Friday, April 18, 2014


Christianity is a relationship between each of us and Jesus Christ. He sealed that bond when He shed his blood for the remission of our sins.

We give thanks for Jesus’s unselfish act. But we also must remember that He died for not only us and our sins but also those of the neighbor we don’t see eye to with. While we think we are safe in the arms of God. We have to realize go loves those in the correction systems, county jails, state department of corrections and the federal bureau of prisons.

I remember a conversation I had with a close friend about the son of a young woman who previously went to church with us. The son’s name appeared in the “vital statistics” column-what our city
newspaper calls the list of the new arrests. My friend said something profound, “There, but for the grace of God, goes me.” 

It is through the grace of God that we have a relationship with Jesus. It is because of that grace that our Lord endured Calvary for us.


Wednesday, April 16, 2014

Wash and Cleanse Sin

“Wash away my iniquity and cleanse me from my sin.”
Psalm 51:2 (NIV)

“Wash away my iniquity. . . “
David choses to clarify his desire to be right with God. The king wants God to clear away the sin that encumbers him and those close to him.

In this passage, (Psalm 51) David seeks forgiveness from God. He uses at least three different words for his behavior—transgressions, iniquity, and sin. He examines this sin like a person would examine a gem—studying each surface of it. In this way, David comes clean before God.

In our 21st Century, we have people who make light of their sin. They use the excuse that “no one gets hurt, so what’s the big deal?” Or they put off the idea that they have done anything wrong, as in “It’s not sinful to say that.” And then there are, “That’s who I am.” Or “It’s just me.”

“. . . cleanse me from my sin.”

David magnifies his desire to get right with God by approaching his condition from yet a third angle. Once he recognizes his sin, courtesy of Nathan, he knows its severity.

An innocent baby, David’s son took ill and died. David was grief stricken. He had committed multiple sins in his affair with Bathsheba and the following cover-up. I believe he would not tolerate that level of behavior had anyone else committed those transgressions.
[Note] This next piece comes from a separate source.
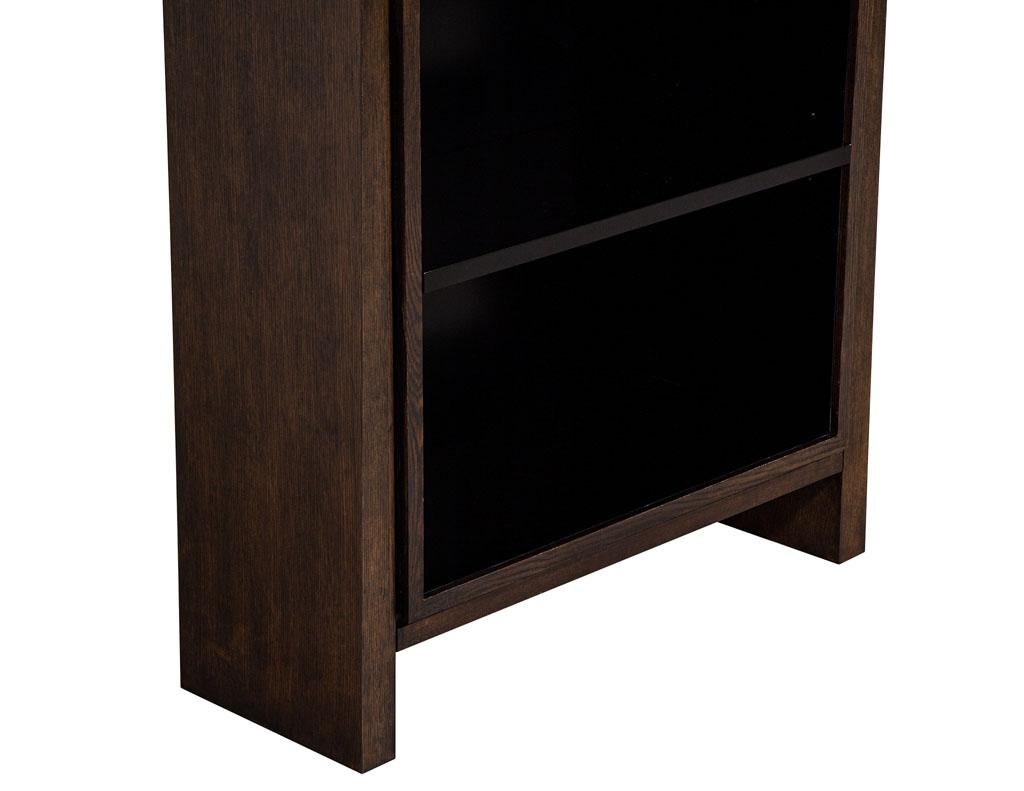 Pair of Modern Walnut and Black Bookcases For Sale 4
In our 21st Century, we aren’t as forthcoming about our sinful selves. We are quick to point out our neighbor’s transgressions and, at the same time, call our misdoings acceptable. When Jesus walked this earth, He told his followers to “take the plank out of your eye before you point out the sawdust in your neighbor’s eye.”

David is in the process of repentance (coming clean) of his sin. We all should do likewise.  


Tuesday, April 15, 2014

David’s Pleading to God

“Have mercy on me, O God, according to your unfailing love, according to your great compassion blot out my transgressions.” Psalm 51:1

David, the king of Israel, pleads for forgiveness from God. He begs for mercy. Mercy happens when we do not get what we deserve.

The prophet Nathan approached David and let the king know that his affair with Bathsheba was not a secret.

Not only did David commit adultery, He had her husband murdered when Uriah chose not to return to his home when he was called back to confer with the king. These words could either seem haughty or humble. I believe they show repentance and sorrow over the bad choices and the resultant loss of an innocent newborn baby. 

“. . . according to your unfailing love. . .”

            David knew of God’s unfailing love. God’s love kept David safe from King Saul when Saul tracked down David and threatened his life. He experienced God’s love when He protected Daivd from his son Absalom.
            God loves us unconditionally—we don’t have to meet any standard to receive this love. He loves us because He created us.
            We don’t fully understand the concept of this unconditional, unfailing love. We know it exists, we see evidence of it all the time.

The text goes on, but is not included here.